#### Data

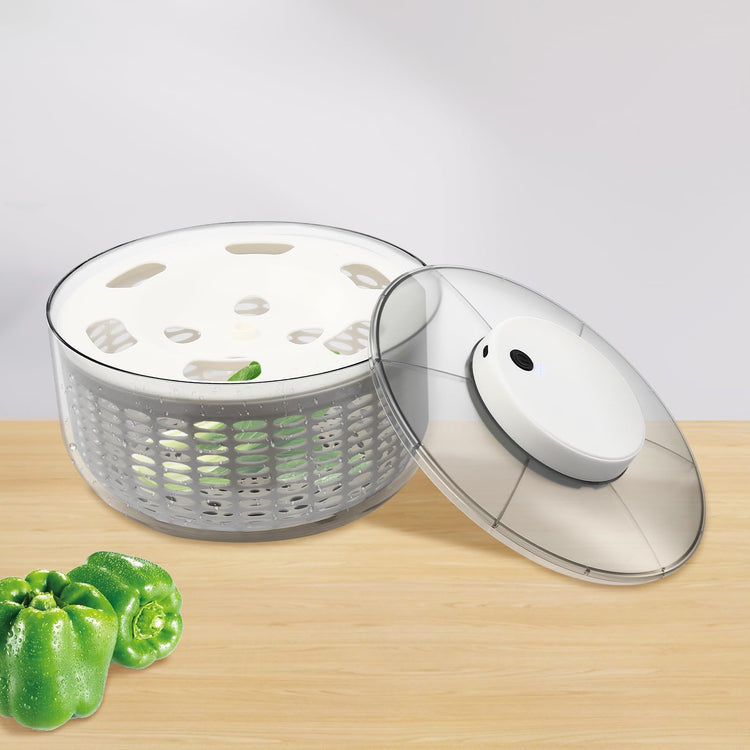 6L Electric Salad Spinner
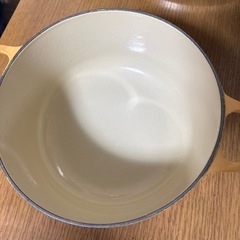 ルクルーゼ鍋の画像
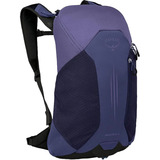 Osprey Hikelite LT 16 , Rucksack lila, 16 Liter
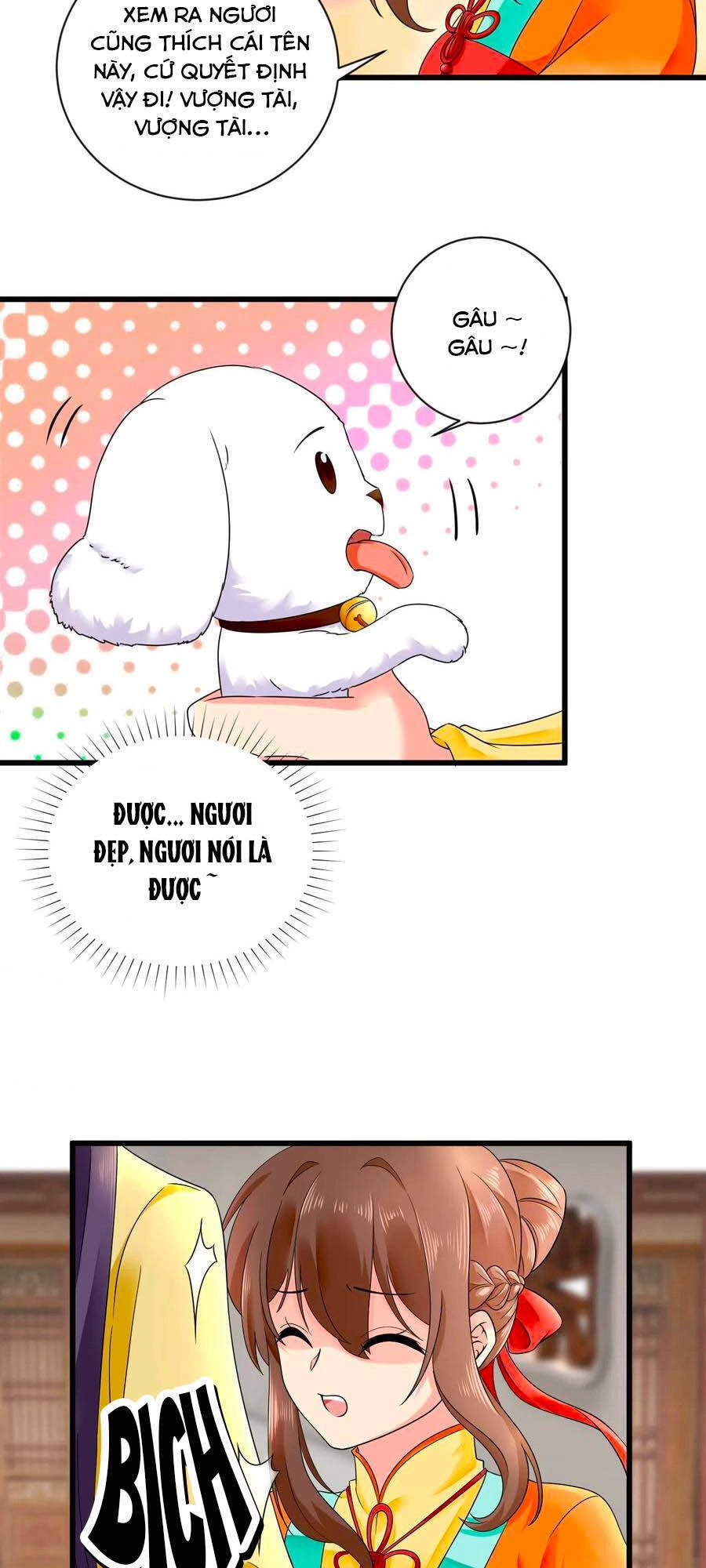 Hãn Phi Đương Gia: Lãnh Vương Xin Tự Trọng Chapter 44 - 9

########

What you have to do: Lines from the one with "Osprey Hikelite LT" through the final line of the listing above: copy them exactly, both ends included, and omit every picture.

Reply to the task:
 Osprey Hikelite LT 16 , Rucksack lila, 16 Liter
 Hãn Phi Đương Gia: Lãnh Vương Xin Tự Trọng Chapter 44 - 9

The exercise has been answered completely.